2014年9月23日火曜日

浅川マキ「赤い橋」を聴きながら

浅川マキという人は学生時代の70年代後半にはすでに伝説の歌姫だった。「ちっちゃな頃から」、「夜が明けたら」など自作の歌が良い。寺山修司はこの人が歌った「かもめ」、「不幸せという名の猫」などの名曲を作詞している。これらの曲を覚えているのはテープに録音してもらった「浅川マキの世界」を繰り返し聴いていたからだ。会社員になってしばらくした頃に池袋文芸坐ル・ピリエの大晦日定例コンサートを聴きに行った。1980年代の始めだ。この人の「赤い橋」(北山修作詞、山木幸三郎作曲)という歌はとても奇妙なイントロで始まる。「わたし地球で一番不幸せな者になっているわ。そうすれば私のことわかるでしょ」から始まり、「しるしをちょうだい。あなたをどうやって探し出したらいいか教えて」、「いつまでも君を愛するよ」、「わたしたちもう会えないのよ」と続く。この歌のイントロの少女の声を久しぶりにYTで聴いた時に「しるしをちょうだい」という言葉が耳に残った。
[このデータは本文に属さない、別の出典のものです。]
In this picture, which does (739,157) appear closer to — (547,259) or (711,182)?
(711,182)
「しるし」という奇妙な言葉で連想するものがあった。ヘッセの「デミアン」(高橋健二訳)だ。新潮文庫版で幾度も読み返したので、鉛筆とペンの横線が入っている。「カインのしるし」、「鳥は卵の中からぬけ出ようと戦う。卵は世界だ。生まれようと欲するものは、一つの世界を破壊しなければならない。」、「その夢を生き、それを遊び、それに祭壇を立てたまえ」。とても気になる本だった。第一章の「二つの世界」では幼年期の世界と現実の世界とが対比され、第二章の「カイン」では「しるしを持つもの」を探し求める人たちのことが描かれている。「デミアン」で扱われている様々な主題は「赤い橋」という歌が想起させるものと似ている。表現方法は様々だが、先人たちの指し示してくれたものには通底するものがある。